Just over 2 years ago I was mid way through a 12 day solo trek over the Western Himalayas in Ladakh, the far north of India. Something happened that’s stuck with me ever since.
This was my guide, Riga.
He was a buddhist and he knew a lot about the Himalayan wildlife and the respect you must pay to the vast and temperamental mountains.
I admired his outlook on life.
It was day 3 and after a good 9 hours walking we had covered around 24km. We made it into Markha Village and dropped our backpacks at a tiny homestay.
Butter tea for the win
I thought of her as Mumma Bear.
She had a gentle smile, tilted her head forward and looked into your eyes—as if she had been expecting you for a long time. She had a calming presence—one that lifted you from the aches and pains of the day’s hike.
She made us butter tea. Literally tea made with butter. Tastes weird at first, but helps the wind-chapped lips.
The sun was setting and Riga reckoned we should head outside to take some photos before nightfall. My feet were in agony so I slipped on my flip flops and we walked for a few minutes to find this spot.
At these altitudes the temperature falls rapidly when the sun drops off behind the mountains. After about the 4th picture and a moment of pause, Riga and I headed back to the homestay to warm up.
On our way back, we could see an elderly lady looking a bit panicked. As we came closer, we could see what had happened.
Her horse had escaped. It was running circles around her.
By the time were close to the scene, 5 or 6 men had joined-in to help the lady catch hold of her horse.
Immediately Riga joined the race. He’s a practical, outdoorsy and capable chap, and within a few minutes he managed to corner the horse.
I joined the effort.
As Riga began to move in on the horse, I came up behind Riga on the lefthand side.
I had flip-flops on and suddenly felt a bit unqualified to help.
What the fuck to do if this 300kg horse starts heading for me? I was trying to remember school rugby tactics — go low and take the legs from an angle?
Riga edged closer, he swiped for its neck — but the horse escaped and dashed away.
After a few more failed attempts from the other chaps, I could hear a rattling sound.
It was Mumma Bear from our homestay.
She was carrying a box of animal feed, shaking it to attract the attention of the horse.
As cool as a cucumber she walked towards the horse’s elderly owner. In an instant, the horse trotted towards her for a handful of food.
Mumma Bear calmly took the collar from the owner and after the horse had munched a few more biscuits from her hand, she gently placed the collar around the horse’s neck.
No fuss, no running, no rugby tackles, no flip flops, no broken ribs, no weapons. She handed the horse over to its owner.

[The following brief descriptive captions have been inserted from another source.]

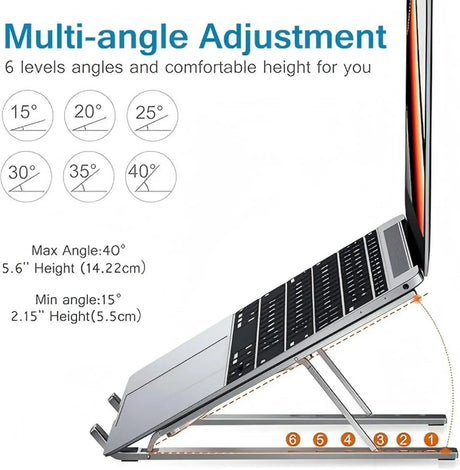 Laptop Holder Riser Computer Tablet Stand - Lootquake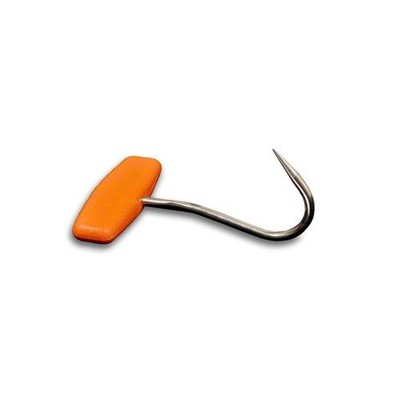 3.375'' Hook with Flat Handle - Not Your Average Kitchen Gadget, 13/64'' Wide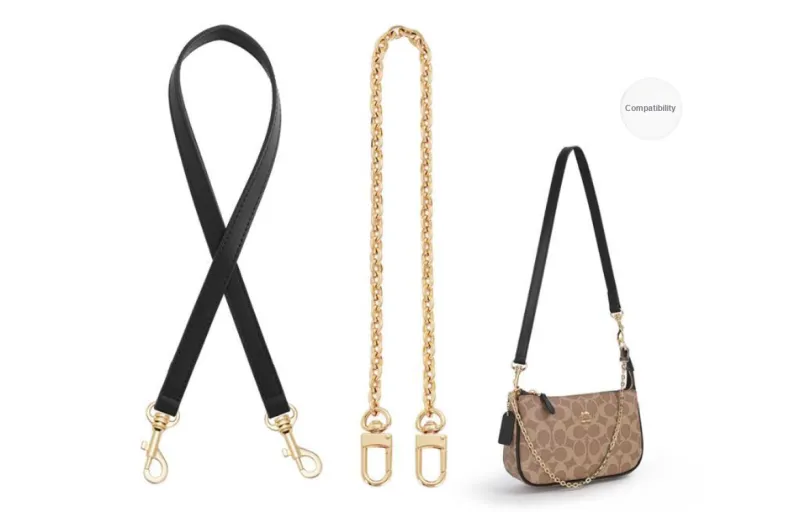 Lan Bao Fan Alloy, Bag Accessory Unisex Multicolor-50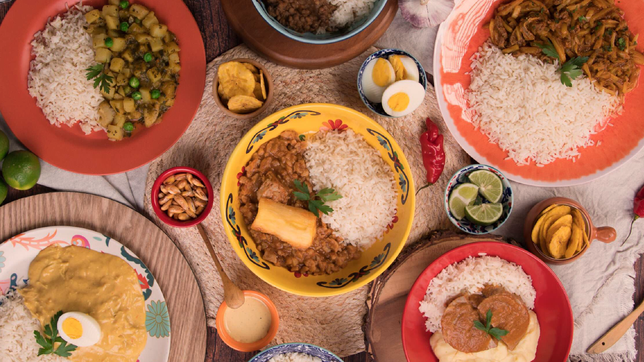 vaciaron un restaurante y escaparon con un televisor, camaras y hasta carne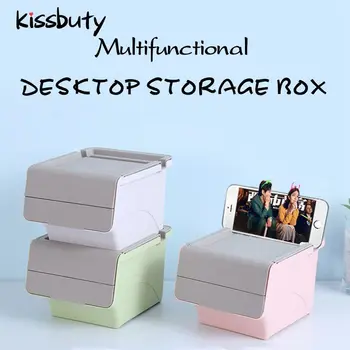 1PC Multifunction Desktop Storage Box Large Capacity Stationery Storages Box Keep The Desktop Tidy School Office Supplies
1PC Multifunction Desktop Storage Box Large Capacity Stationery Storages Box Keep The Desktop Tidy School Office Supplies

I howled with laughter. She was looking at the floor as she walked back to the homestay but I could see she was smiling at my lols.

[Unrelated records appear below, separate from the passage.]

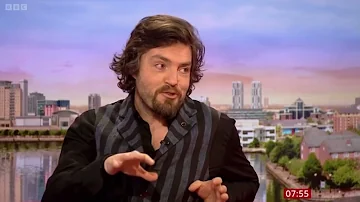 Tom Burke on BBC Breakfast | Troubled Blood Interview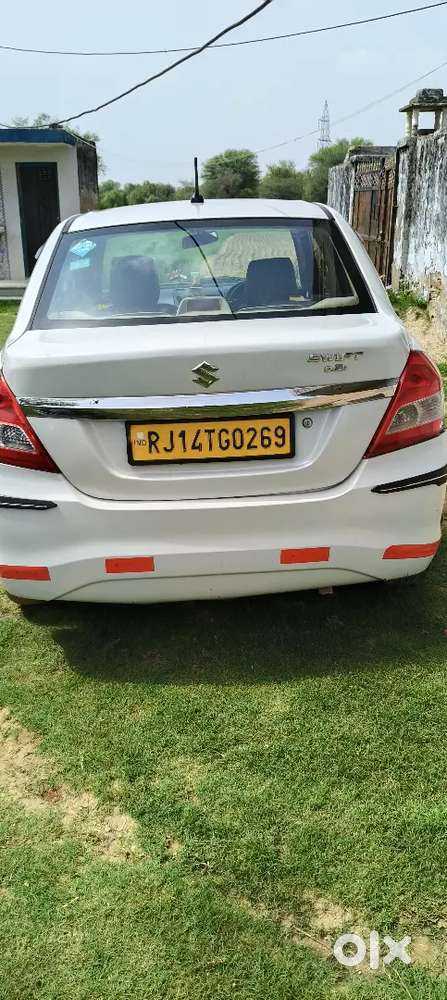 Swift Dzire Lxi Petrol Plus Cng 2017 Model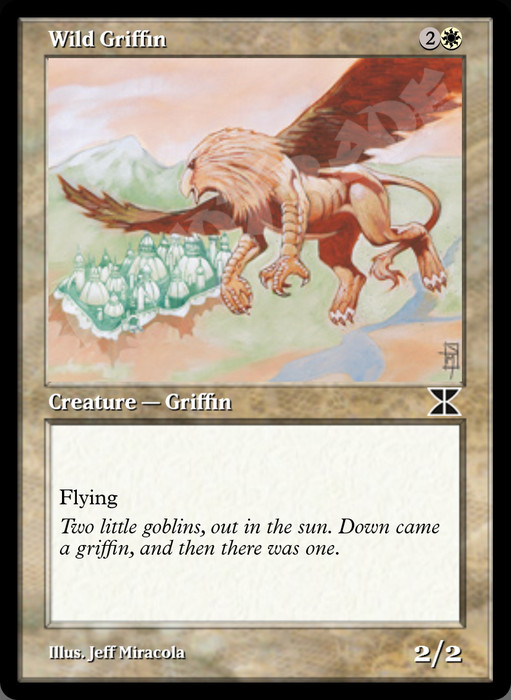 Wild Griffin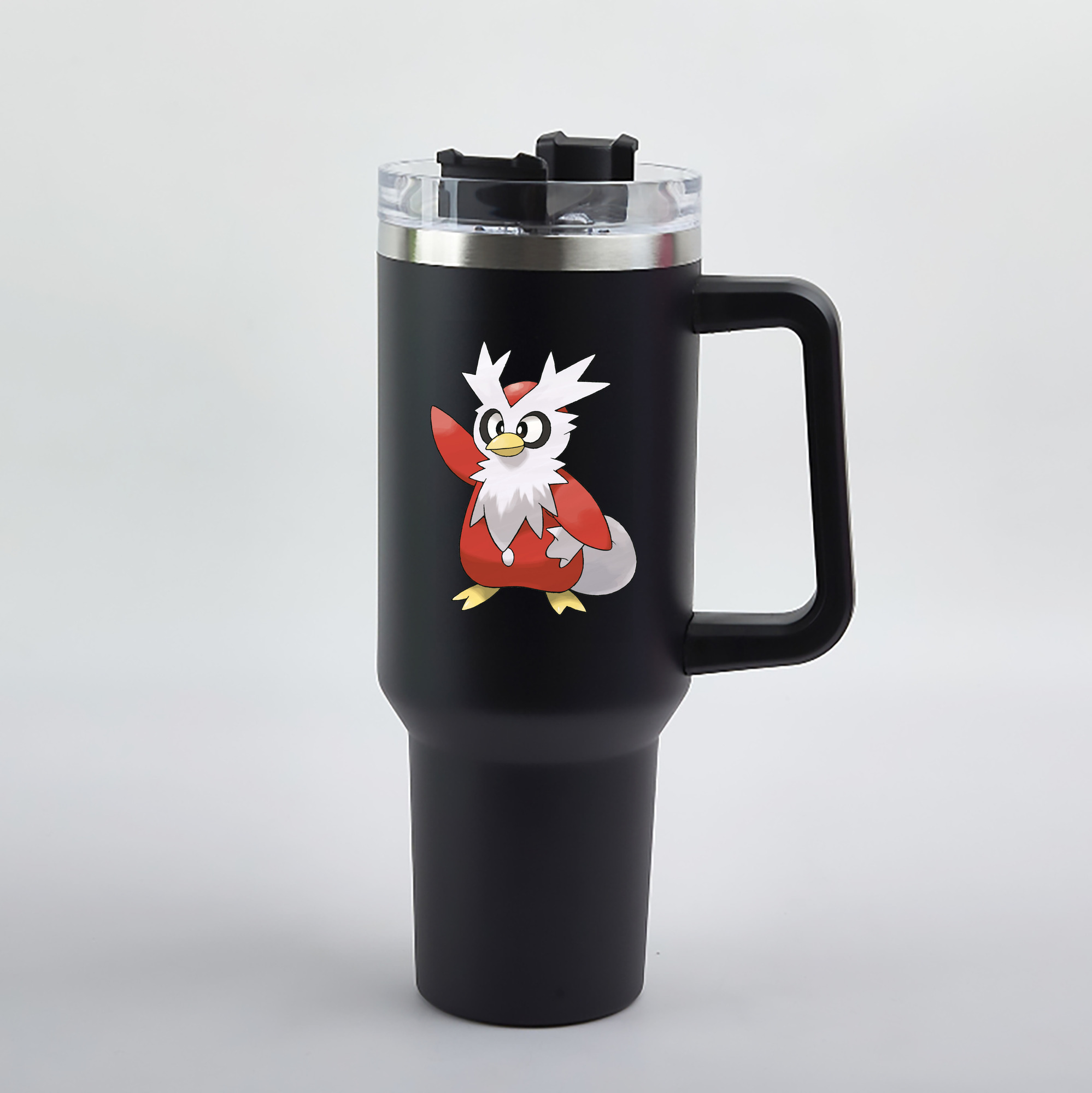 （画像用） ポケットモンスター Pokémon 1200mL車用タンブラー（カラープリント）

The gents looked at each other with an awkward smile that leaked a hint of embarrassment — we were using brute force to solve the problem, we didn’t try different.
Sometimes instead of try harder, it’s try different that wins the race.

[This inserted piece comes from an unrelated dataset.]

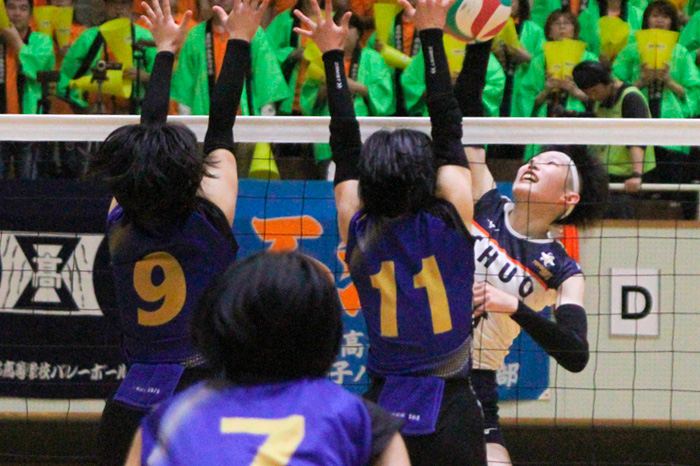 豊橋中央女子準V全国あと一歩　中央男子、豊川女子は3位で東海へ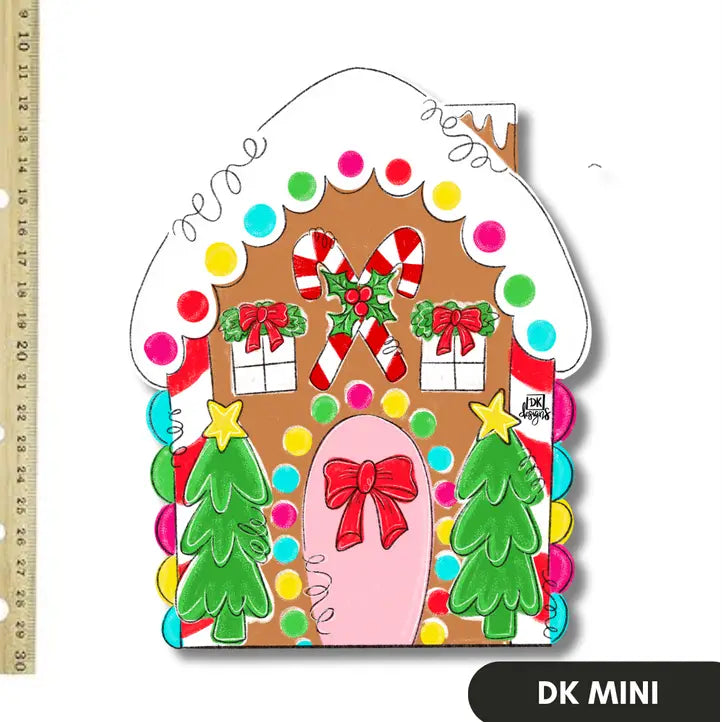 DK Designs Gingerbread House Mini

This is one way to look at how diverse teams can outperform homogeneousness teams (same gender, same backgrounds, for example).
We hear so much of company diversity because it is ethically the right thing to do —which it is— but let’s have those arguments side by side with the very real probability of better decisions and better performance that come from a diversity of backgrounds, genders and opinions.
Take from this what you will, but for me, this serves as a little reminder.
Perspective is everything and if your teams lack diversity, there’s a good chance you’re driving with blind spots that are hiding real opportunities.